As a user, choosing account URLs is hard — like myname.app.com — especially when your usual names are already taken. Sometimes the choice is even enough to deter users from signing up at all — which is why a lot of services, Prevue included, are moving towards auto-creating a random URL on behalf of the user, then allowing them to change it later if necessary.
It seems simple enough, but as usual, in removing complexity for the user, you invariably add complexity to the product — smart URL suggesting being a great example of that. Having recently written the logic that generates a “best guess” URL in Prevue, I thought I’d explain how I approached the problem, and give some insight into the guesswork that goes into choosing a “good” URL.

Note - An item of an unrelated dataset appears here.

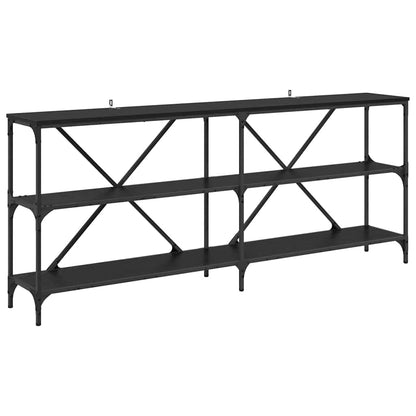 vidaXL Konsolentisch mit Regal Schwarz Eichen-Optik 180 x 30 x 75 cm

First and foremost, URLs need to be unique — which is why a lot of products tend to append numbers to the end of generic names (like user123.app.com) or remove the need for custom URLs entirely. This is a totally valid way of programatically generating unique string, but this invariably creates quite boring results — definitely not the kind of attention to detail I expect from Prevue. So here’s the logic I use instead:
Attempt 1. Custom domains
Since an email address is a required field for all new signup’s, the first suggestion is to detect whether you have a custom domain in your email. As a business tool, Prevue assumes that email@example.com will want abcagency as their custom URL — so this is a natural place to start our search for a good URL.
The main problem here was to split the custom URLs from the generic email addresses — like Gmail, Hotmail and Yahoo. For this, I output a list of every email domain used by some 30,000 existing users, and ordered them by most frequently occurring. Then I took the top 50 recurring domains, and combined them with some others that I found via public lists.
Using this data, if your email domain didn’t match an item in the list, then it’ll assume you’ve got something custom and use that. If it matched a common email provider, it moved onto the next guess…
Attempt 2. First name
Though domain is the most preferred starting point for a custom URL, using the user’s name is a good fallback. Again, using the email value provided by the user, Prevue will strip out everything before the @ and decide whether it’s a name.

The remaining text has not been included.